Sydney, May 21: Researchers in Australia, Finland and New Zealand have found that the risk of limb amputation in patients with type 2 diabetes can be reduced by Fenofibrate. The drug, originally used to lower blood fat levels in diabetics, was found to cut the chances of minor amputation by 36 percent.
The study's authors, Professor Anthony Keech and Dr. Kushwin Rajamani of the National Health and Medical Research Council Clinical Trials Centre at University of Sydney, Australia, assessed the effectiveness of fenofibrate in lowering amputation risk through the Fenofibrate Intervention and Event Lowering in Diabetes (FIELD) study.
The main purpose of the FIELD study was to review if a long-term treatment with fenofibrate could reduce adverse macrovascular and microvascular outcomes in patients with type 2 diabetes, including amputations.
Researchers considered amputations as minor if they were below the ankle and major if they were above the ankle. They also classified them on whether or not large blood vessel disease or small blood vessel disease was found in the amputated limb.
Details of the study
The study included 9,795 people, aged 50 to 75 with type 2 diabetes. Half the patients were given 200 milligrams of fenofibrate and the rest a placebo daily for five years.
Over the course of the study, the researchers reported that 115 people had at least one lower-limb amputation related to their diabetes.
They also found that the risk of first amputation was 36 percent lower for all patients given fenofibrate as compared to those given placebo. Nearly 70 of those on placebo had an amputation while only 45 on the drug did.
The risk of minor amputation in patients who did not have large vessel disease and were on the drug was 47 percent lower than the placebo users.

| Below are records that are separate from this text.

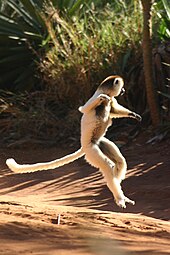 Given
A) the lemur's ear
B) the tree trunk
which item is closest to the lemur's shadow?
the tree trunk

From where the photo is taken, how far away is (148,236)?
23.7 feet

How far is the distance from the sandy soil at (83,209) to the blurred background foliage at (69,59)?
0.86 m

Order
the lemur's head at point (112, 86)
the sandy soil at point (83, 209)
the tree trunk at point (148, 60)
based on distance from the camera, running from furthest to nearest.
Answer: the tree trunk at point (148, 60) → the lemur's head at point (112, 86) → the sandy soil at point (83, 209)

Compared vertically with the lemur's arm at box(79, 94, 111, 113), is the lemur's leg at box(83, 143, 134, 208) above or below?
below

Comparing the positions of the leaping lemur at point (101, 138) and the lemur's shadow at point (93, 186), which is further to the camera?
the lemur's shadow at point (93, 186)

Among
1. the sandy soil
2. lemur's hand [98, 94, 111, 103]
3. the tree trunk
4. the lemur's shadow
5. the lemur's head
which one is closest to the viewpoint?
the sandy soil

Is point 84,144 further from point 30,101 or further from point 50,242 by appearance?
point 30,101

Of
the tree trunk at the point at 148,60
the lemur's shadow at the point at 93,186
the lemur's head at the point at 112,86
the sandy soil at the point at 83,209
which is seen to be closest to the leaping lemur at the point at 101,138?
the lemur's head at the point at 112,86

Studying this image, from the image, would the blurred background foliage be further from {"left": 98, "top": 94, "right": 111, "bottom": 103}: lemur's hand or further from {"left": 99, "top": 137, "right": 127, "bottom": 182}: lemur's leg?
{"left": 98, "top": 94, "right": 111, "bottom": 103}: lemur's hand

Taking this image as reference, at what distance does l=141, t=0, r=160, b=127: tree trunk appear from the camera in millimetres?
13805

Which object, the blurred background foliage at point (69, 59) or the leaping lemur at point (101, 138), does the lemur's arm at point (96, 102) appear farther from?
the blurred background foliage at point (69, 59)

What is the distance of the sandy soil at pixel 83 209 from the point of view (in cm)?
618

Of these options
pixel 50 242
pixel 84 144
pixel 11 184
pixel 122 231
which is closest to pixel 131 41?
pixel 11 184

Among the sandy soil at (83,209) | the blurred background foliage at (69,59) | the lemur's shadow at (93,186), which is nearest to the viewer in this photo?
the sandy soil at (83,209) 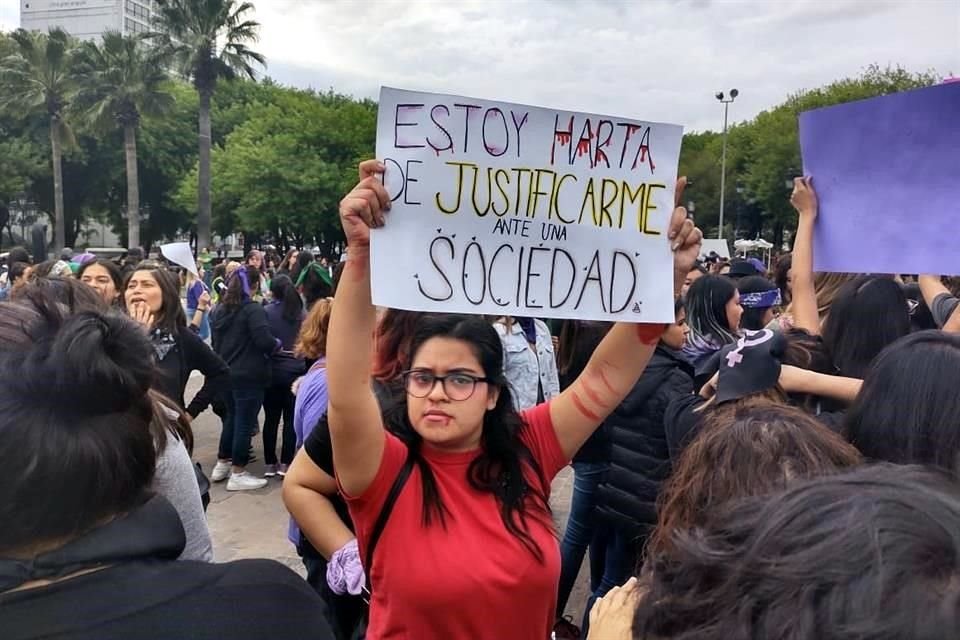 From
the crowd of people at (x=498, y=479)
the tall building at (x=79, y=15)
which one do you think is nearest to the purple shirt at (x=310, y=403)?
the crowd of people at (x=498, y=479)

Height played an important role. It was found that an additional 10 centimeters of height was associated with a 60 percent increase in risk (P<0.0001). Also, each additional three years in age increased the risk by 30 percent.

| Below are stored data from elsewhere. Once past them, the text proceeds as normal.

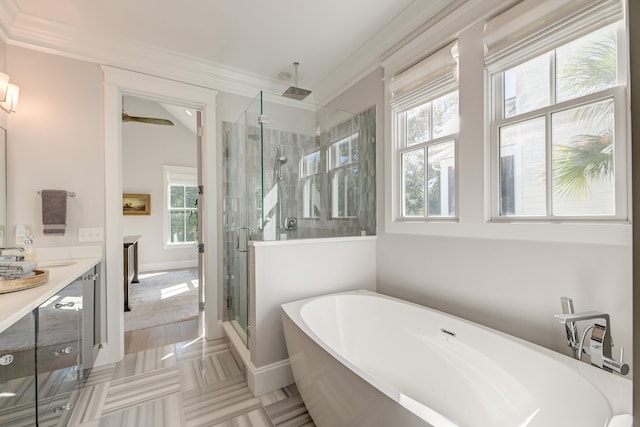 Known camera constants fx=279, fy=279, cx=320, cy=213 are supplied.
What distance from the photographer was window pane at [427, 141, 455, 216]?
1.94 meters

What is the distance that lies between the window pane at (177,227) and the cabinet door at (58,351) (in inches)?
185

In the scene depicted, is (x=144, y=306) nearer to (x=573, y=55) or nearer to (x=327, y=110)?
(x=327, y=110)

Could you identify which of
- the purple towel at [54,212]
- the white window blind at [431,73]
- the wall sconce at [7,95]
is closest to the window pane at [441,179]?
the white window blind at [431,73]

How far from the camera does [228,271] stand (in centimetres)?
283

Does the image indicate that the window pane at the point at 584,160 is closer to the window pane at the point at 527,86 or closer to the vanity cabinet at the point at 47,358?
the window pane at the point at 527,86

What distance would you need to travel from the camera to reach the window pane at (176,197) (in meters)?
6.21

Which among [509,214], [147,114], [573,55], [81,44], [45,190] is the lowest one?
[509,214]

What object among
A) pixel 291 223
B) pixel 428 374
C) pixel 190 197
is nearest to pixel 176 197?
pixel 190 197

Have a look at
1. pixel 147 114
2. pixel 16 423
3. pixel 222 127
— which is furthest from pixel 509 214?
pixel 147 114

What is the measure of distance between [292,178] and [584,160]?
190cm

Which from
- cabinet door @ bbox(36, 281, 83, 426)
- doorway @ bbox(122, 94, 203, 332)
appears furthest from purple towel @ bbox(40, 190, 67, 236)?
doorway @ bbox(122, 94, 203, 332)

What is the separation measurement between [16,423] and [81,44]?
256 cm

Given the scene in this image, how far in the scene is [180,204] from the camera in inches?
250

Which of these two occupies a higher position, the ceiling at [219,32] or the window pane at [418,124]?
the ceiling at [219,32] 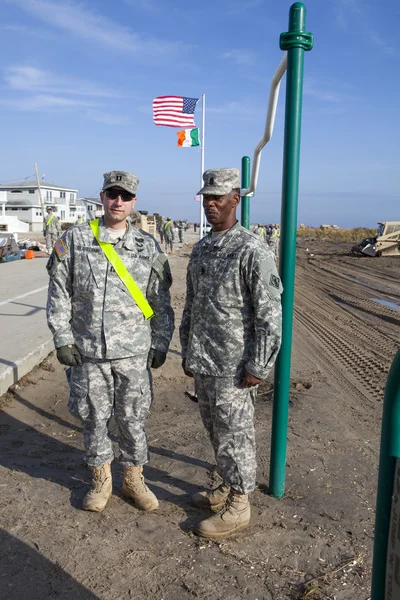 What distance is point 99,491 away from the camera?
334 cm

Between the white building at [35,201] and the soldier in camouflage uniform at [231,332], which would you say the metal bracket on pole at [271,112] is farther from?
the white building at [35,201]

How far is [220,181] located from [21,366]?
3784mm

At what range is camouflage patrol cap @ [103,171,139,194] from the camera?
3.22 m

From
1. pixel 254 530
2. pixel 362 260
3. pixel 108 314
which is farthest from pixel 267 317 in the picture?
pixel 362 260

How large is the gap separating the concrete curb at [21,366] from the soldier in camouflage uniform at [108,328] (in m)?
2.34

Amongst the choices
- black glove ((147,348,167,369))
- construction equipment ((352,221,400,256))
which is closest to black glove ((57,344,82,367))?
black glove ((147,348,167,369))

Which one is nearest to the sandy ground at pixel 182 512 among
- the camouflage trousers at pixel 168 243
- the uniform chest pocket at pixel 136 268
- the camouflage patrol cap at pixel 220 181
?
the uniform chest pocket at pixel 136 268

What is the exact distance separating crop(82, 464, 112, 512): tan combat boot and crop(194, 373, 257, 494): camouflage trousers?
0.78 meters

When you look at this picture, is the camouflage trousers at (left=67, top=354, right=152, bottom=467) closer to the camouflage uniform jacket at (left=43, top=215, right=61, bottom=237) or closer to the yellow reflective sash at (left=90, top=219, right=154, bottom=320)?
the yellow reflective sash at (left=90, top=219, right=154, bottom=320)

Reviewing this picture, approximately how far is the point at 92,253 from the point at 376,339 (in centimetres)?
683

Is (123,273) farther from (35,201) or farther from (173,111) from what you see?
(35,201)

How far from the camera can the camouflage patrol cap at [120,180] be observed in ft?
10.6

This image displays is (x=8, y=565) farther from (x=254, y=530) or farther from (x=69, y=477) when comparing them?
(x=254, y=530)

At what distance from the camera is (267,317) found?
288cm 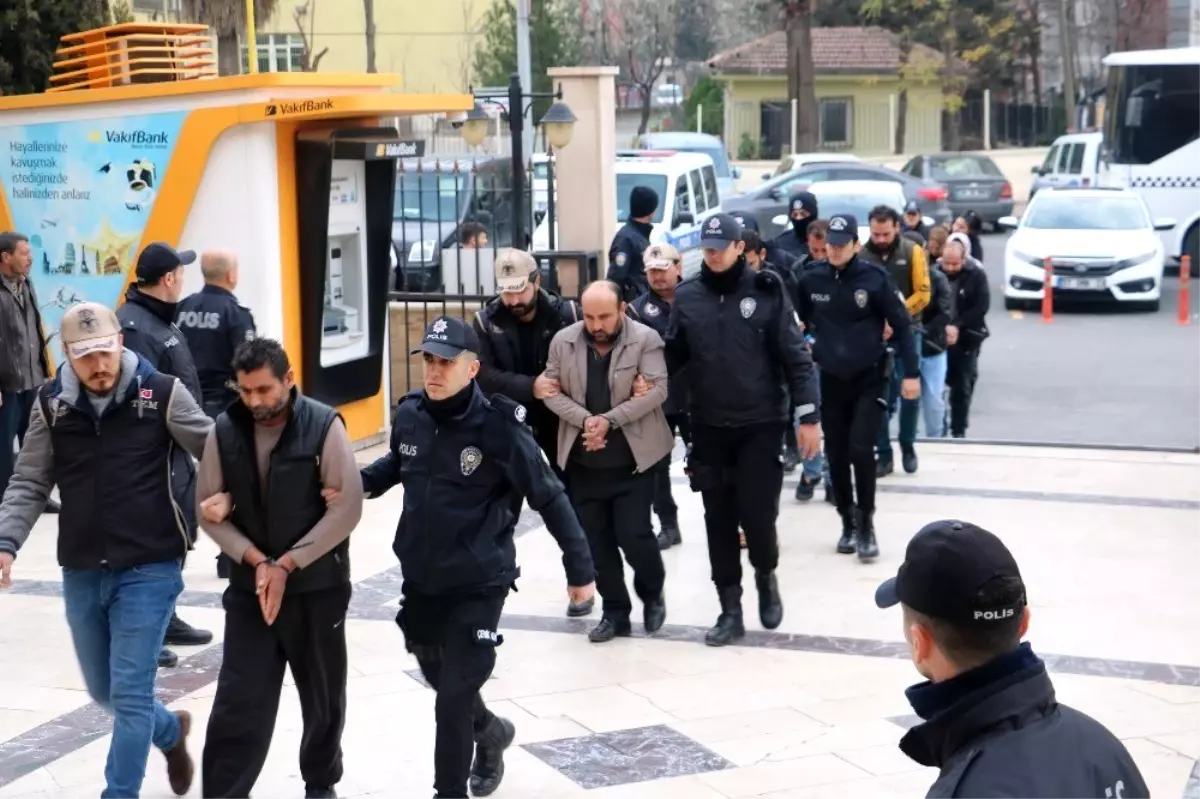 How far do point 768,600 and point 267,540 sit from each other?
10.8 ft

However the risk of major amputations didn't differ much between the two groups.
"(Fenofibrates) is the first therapy that has been shown to reduce these amputations," said Keech.

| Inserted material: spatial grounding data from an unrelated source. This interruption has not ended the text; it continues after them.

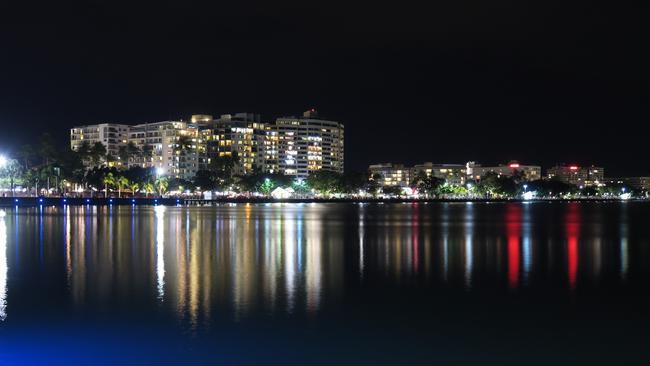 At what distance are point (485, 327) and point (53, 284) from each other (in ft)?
46.9

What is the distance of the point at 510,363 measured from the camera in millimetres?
13602

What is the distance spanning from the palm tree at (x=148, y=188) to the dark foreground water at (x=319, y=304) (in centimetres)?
12346

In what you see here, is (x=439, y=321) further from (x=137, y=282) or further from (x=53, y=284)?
(x=53, y=284)

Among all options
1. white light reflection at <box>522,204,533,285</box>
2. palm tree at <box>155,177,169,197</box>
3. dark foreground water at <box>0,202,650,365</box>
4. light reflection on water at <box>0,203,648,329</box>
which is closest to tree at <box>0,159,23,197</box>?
palm tree at <box>155,177,169,197</box>

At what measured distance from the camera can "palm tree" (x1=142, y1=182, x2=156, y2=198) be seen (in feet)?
521

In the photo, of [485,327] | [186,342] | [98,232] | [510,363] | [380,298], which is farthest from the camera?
[98,232]

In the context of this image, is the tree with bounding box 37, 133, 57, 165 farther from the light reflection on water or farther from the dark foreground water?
the dark foreground water

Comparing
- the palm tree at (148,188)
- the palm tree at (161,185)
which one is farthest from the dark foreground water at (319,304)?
the palm tree at (161,185)

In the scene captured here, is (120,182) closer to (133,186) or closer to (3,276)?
(133,186)

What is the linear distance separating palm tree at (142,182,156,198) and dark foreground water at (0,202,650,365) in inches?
4861

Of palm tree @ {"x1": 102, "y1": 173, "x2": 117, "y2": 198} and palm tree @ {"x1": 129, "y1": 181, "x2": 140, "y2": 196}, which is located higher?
palm tree @ {"x1": 102, "y1": 173, "x2": 117, "y2": 198}

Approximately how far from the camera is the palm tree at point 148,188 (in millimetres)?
158675

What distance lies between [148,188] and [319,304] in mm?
145837

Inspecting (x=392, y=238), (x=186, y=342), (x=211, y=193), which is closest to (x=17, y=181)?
(x=211, y=193) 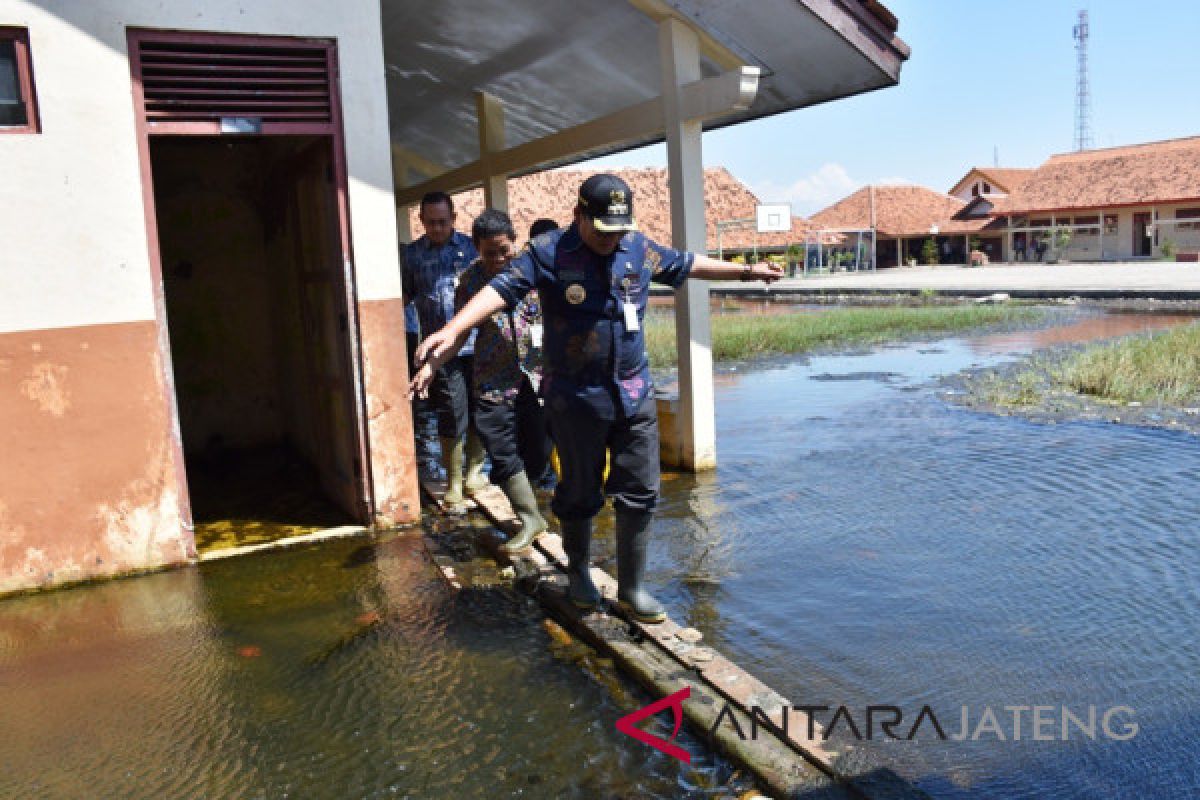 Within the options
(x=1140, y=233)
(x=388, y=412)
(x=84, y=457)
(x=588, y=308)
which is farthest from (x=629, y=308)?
(x=1140, y=233)

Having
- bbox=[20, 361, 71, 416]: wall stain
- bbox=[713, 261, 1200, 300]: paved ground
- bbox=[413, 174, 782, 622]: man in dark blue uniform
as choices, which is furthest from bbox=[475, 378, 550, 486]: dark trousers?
bbox=[713, 261, 1200, 300]: paved ground

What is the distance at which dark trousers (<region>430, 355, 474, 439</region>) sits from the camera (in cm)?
552

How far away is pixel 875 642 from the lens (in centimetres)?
368

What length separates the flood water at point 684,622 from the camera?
2.83 metres

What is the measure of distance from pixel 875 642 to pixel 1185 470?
393 cm

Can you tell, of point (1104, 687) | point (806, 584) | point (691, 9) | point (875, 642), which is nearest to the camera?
point (1104, 687)

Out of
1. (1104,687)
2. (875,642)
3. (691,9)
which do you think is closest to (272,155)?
(691,9)

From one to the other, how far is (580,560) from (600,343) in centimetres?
99

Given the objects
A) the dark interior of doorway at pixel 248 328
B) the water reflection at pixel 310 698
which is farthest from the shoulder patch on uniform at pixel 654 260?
the dark interior of doorway at pixel 248 328

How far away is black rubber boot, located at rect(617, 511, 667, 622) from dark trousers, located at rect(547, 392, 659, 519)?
0.21 ft

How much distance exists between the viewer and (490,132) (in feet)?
30.0

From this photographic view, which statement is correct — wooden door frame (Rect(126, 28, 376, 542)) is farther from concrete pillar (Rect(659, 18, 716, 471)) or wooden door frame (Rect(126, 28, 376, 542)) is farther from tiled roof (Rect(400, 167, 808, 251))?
tiled roof (Rect(400, 167, 808, 251))

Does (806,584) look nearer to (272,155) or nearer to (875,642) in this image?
(875,642)

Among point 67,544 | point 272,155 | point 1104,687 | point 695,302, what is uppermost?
point 272,155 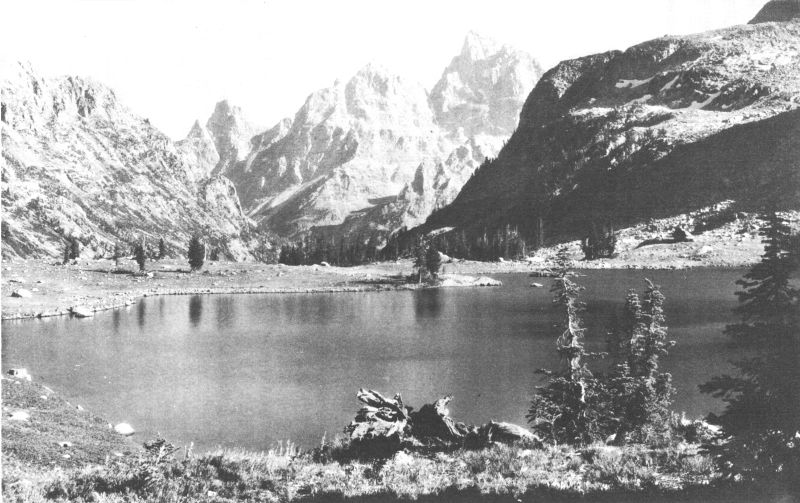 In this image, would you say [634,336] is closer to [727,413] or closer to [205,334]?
[727,413]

Other observations included that people with history of cardiovascular disease, microvascular disease, previous amputation, skin ulcer, smoking and chronic diabetes were more likely to have amputations as opposed to those who had neither cardiovascular issues nor amputations.
The researchers concluded: "Treatment with fenofibrate was associated with a lower risk of amputations, particularly minor amputations without known large-vessel disease ... These findings could lead to a change in standard treatment for the prevention of diabetes-related lower-limb amputations."
Amputation and Type 2 diabetes
According to the American Diabetes Association, people with diabetes are more likely to have a foot or leg amputated. This is mainly because diabetes reduces blood flow to the lower legs and feet leading to a disease called diabetic neuropathy, which increases the risk of ulcers and infections that can, in turn, result in amputation.
The results were published in the medical journal Lancet. It was sponsored by Laboratoires Fournier SA, now part of Solvay Pharmaceuticals, which makes fenofibrates, and the National Health and Medical Research Council of Australia.